Dopo mesi di gestazione e un parto particolarmente complesso e atteso, finalmente è nato. Si tratta dell’ultimo frutto del Governo Conte: il Patto per l’Export. Un provvedimento che incanala risorse straordinarie per circa 1,4 miliardi di euro, con cui si rafforzeranno gli strumenti per l’internazionalizzazione delle imprese e si adotterà un’azione promozionale di ampio respiro.

L’export incide per quasi un terzo sul valore del PIL, ma secondo le ultime prevedibili stime se ne prospetta una riduzione del 14% nel 2020. Nella reattività post Covid si potrà stimare il grado di competitività delle PMI italiane, per le quali il processo di internazionalizzazione ne decreterà il flusso vitale.

Il Piano incorpora le istanze presentate da 147 associazioni di categoria e oltre 250 esponenti dei settori produttivi e prevede una serie di azioni incentrate su 6 “gold standard”: comunicazione, formazione integrata, informazione/formazione, e-commerce, sistema fieristico e finanza.

Cerimonia di firma del Patto per l’Export – Video Ufficiale

Una strategia multilaterale orientata alla promozione di iniziative quali: rilancio e sostegno del sistema fieristico, canali che migliorino i rapporti con la Gdo all’estero, sviluppo di piani organici per l’e-commerce, piani di comunicazione strategica, pubblicazione del bando per temporary-digital export manager, potenziamento della strategia nazionale dell’esportazione del sistema produttivo italiano, rafforzamento della lotta a contraffazione e Italian sounding.

È proprio su quest’ultimo piano così delicato, ma dal peso ingente che si gioca una delle partite più considerevoli per il rilancio e non solo post-Covid. È annoso il processo di erosione dell’immagine del patrimonio agroalimentare ed enogastronomico italiano, che sottrae dolosamente ricchezza, occupazione e chance di crescita per coloro che, sul campo, combattono per l’affermazione della vera italianità a tavola, oltre i nostri confini. All’estero, la domanda di prodotti italiani è enorme e in costante crescita. Per contro, gli estimatori stranieri dei prodotti nostrani, non sono quasi mai in grado di riconoscerli, facili vittime di coloro che nulla sanno o fanno in conformità con le tradizioni enogastronomiche cui dicono di appartenere.

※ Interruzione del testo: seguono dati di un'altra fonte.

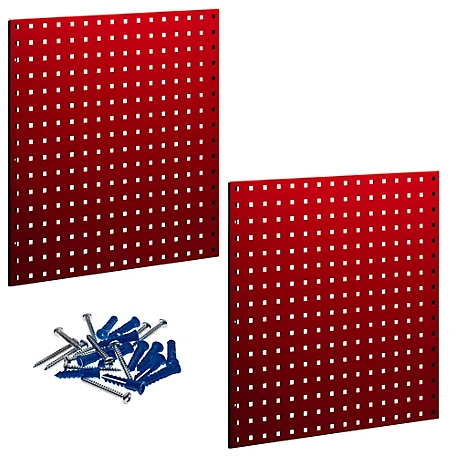 Triton Products (2) 24 in. W x 24 in. H Red Epoxy Coated 18-Gauge Steel Square Hole Pegboards & Mounting Hardware, LB1-R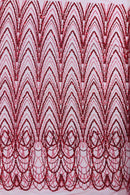 Red Luxury Beaded Pattern Fabric by the yard, Embroidery Beaded Lace Fabric (Copy)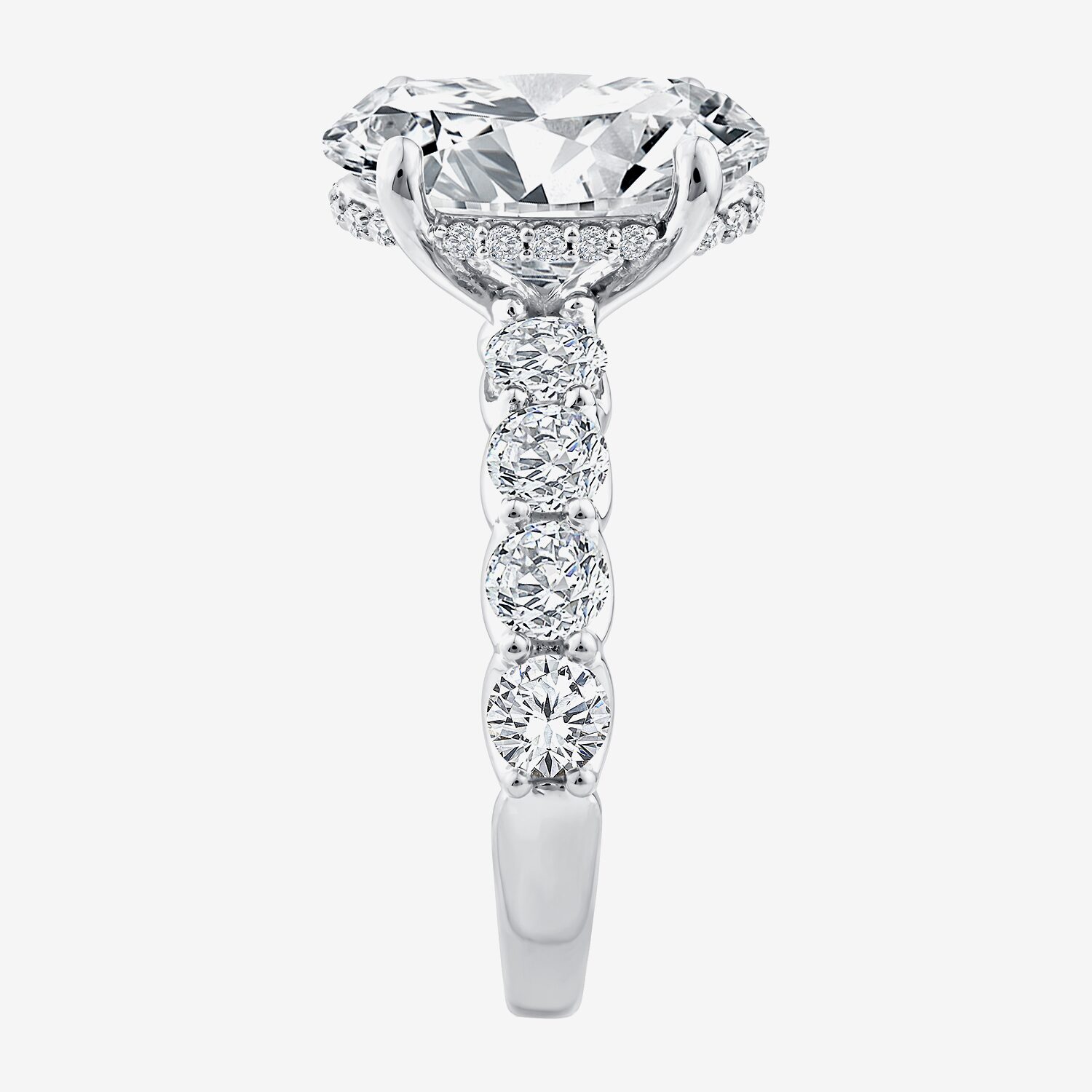 Signature By Modern Bride (F / Vs2) Womens 1/2 Ct. T.W. Lab Grown White Diamond 14K Gold Oval Side Stone Engagement Ring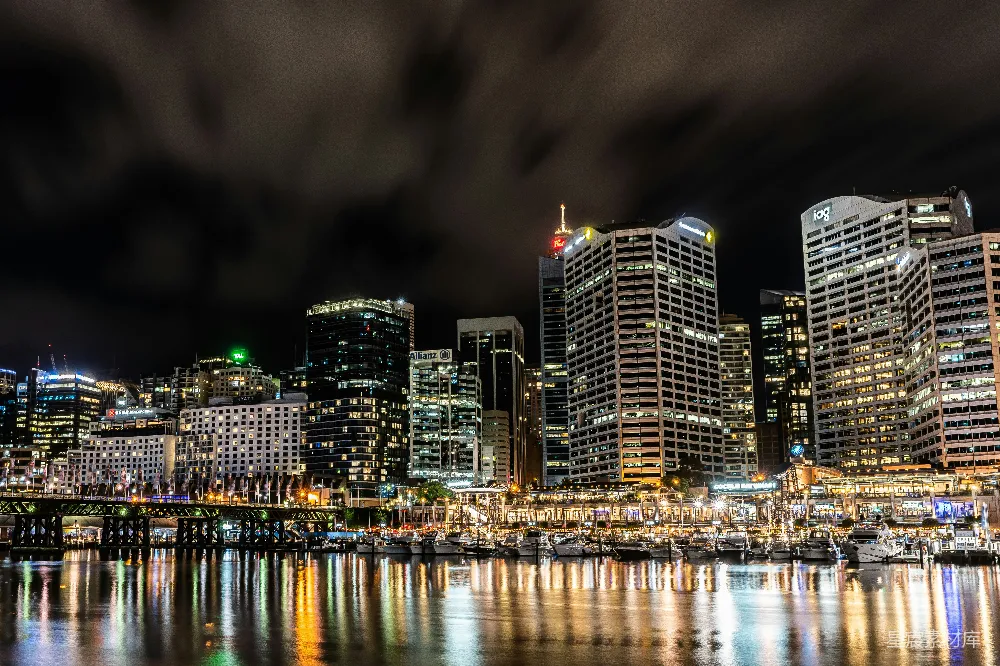 高清摄影 悉尼 夜景 城市 建筑 城市风光 悉尼天际线夜景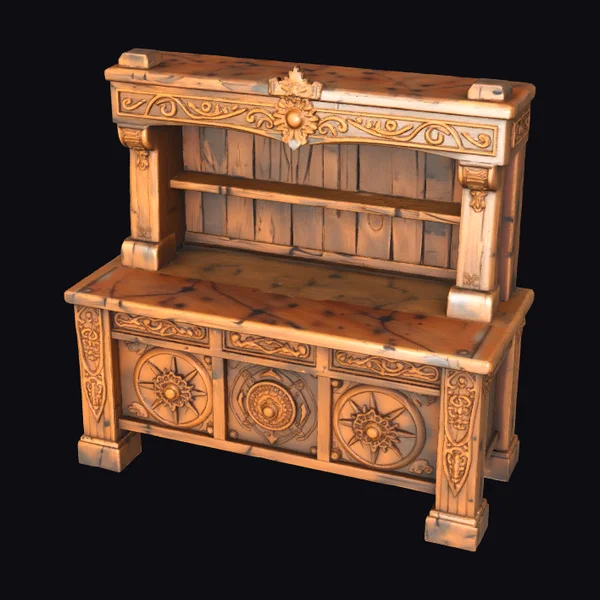 Ornate Wooden Storage Bench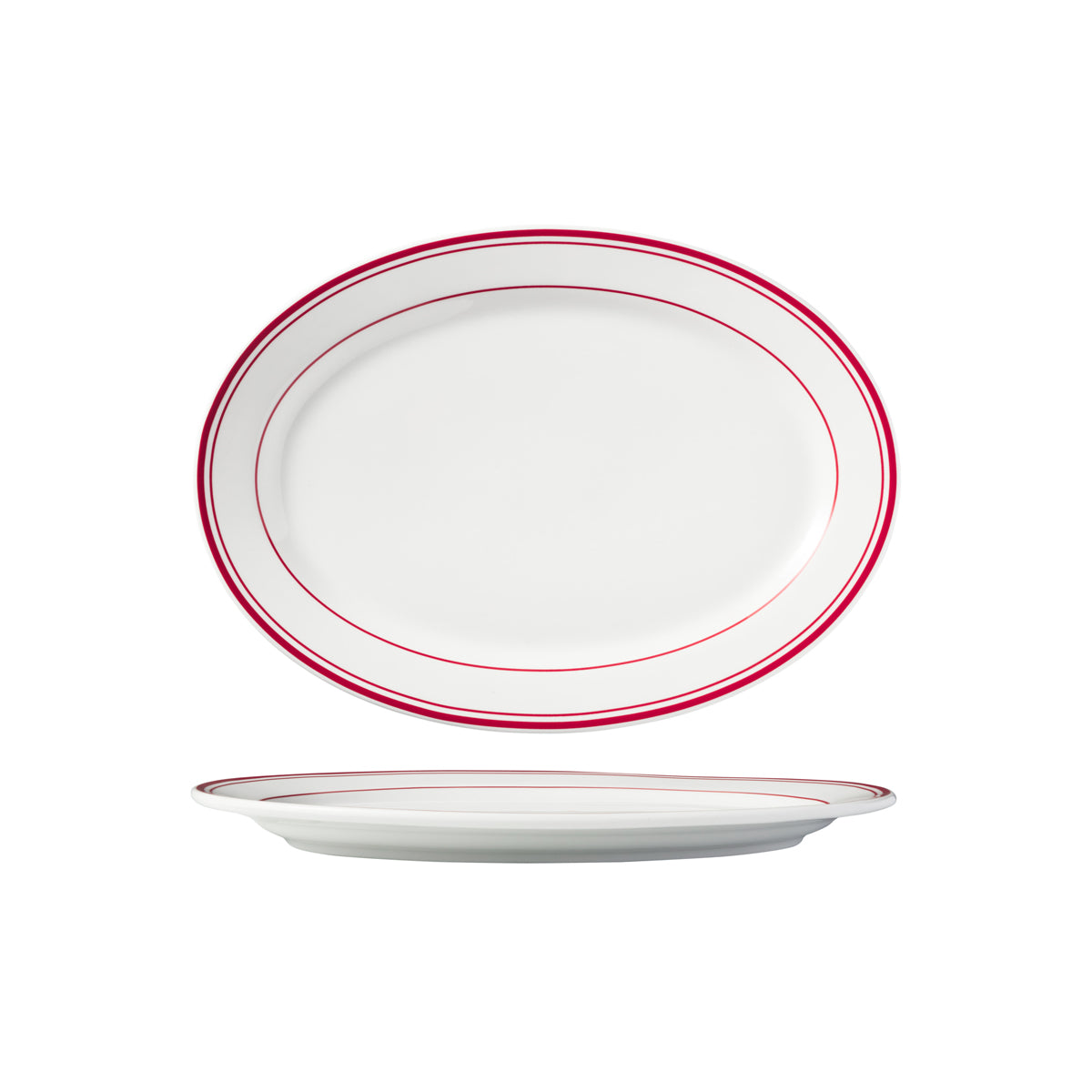 HAG.WBI0114 Maxwell & Williams Bistro Red Rim Oval Platter 305x220mm Globe Importers Adelaide Hospitality Supplies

Il “Country Effect” intanto conferisce valore al Made In Italy, che si afferma nel mondo non solo come mera denominazione geografica, ma anche come vero e proprio marchio, tanto che una ricerca del Politecnico di Milano ha evidenziato che se il Made In Italy fosse un brand sarebbe il terzo marchio più noto al mondo, dopo Coca Cola e Visa.

La certificazione “ITA0039 | 100 % Italian Taste Certification” nasce dalla volontà di ASACERT di dare il proprio contributo per difendere, promuovere e valorizzare la “vera” italianità all’estero nell’ambito della ristorazione e della distribuzione enogastronomica. Un progetto in linea con ciò che il Governo ha deciso di mettere in campo: “ITA0039 è un sistema integrato in cui ristoratori e produttori saranno linkati, in favore della trasparenza nei confronti dei consumatori, i quali potranno consultare non solo la lista dei ristoranti certificati, ma anche l’elenco delle materie prime utilizzate e il produttore-fornitore da cui il ristoratore si è approvvigionato. Sarà un ulteriore strumento incentivante per le eccellenze di una filiera virtuosamente ridotta, in favore del buon cibo e della tutela dei consumatori-estimatori di prodotti enogatsronomici di tutto il mondo”. Il pensiero di Fabrizio Capaccioli ideatore del Protocollo di certificazione che ha raccolto la vicinanza di Coldiretti, Filiera Agricola Italiana, IFSE (prestigiosa scuola di cucina internazionale) e ANRA.

L’augurio è che questa nuova creatura improntata al rilancio sia supportata da un’attenta opera di monitoraggio e prevenzione degli illeciti e frodi sulla filiera agroalimentare italiana, impareggiabile fonte di prodotti salubri e riferimento per i tanti, onesti agro-ristoratori italiani.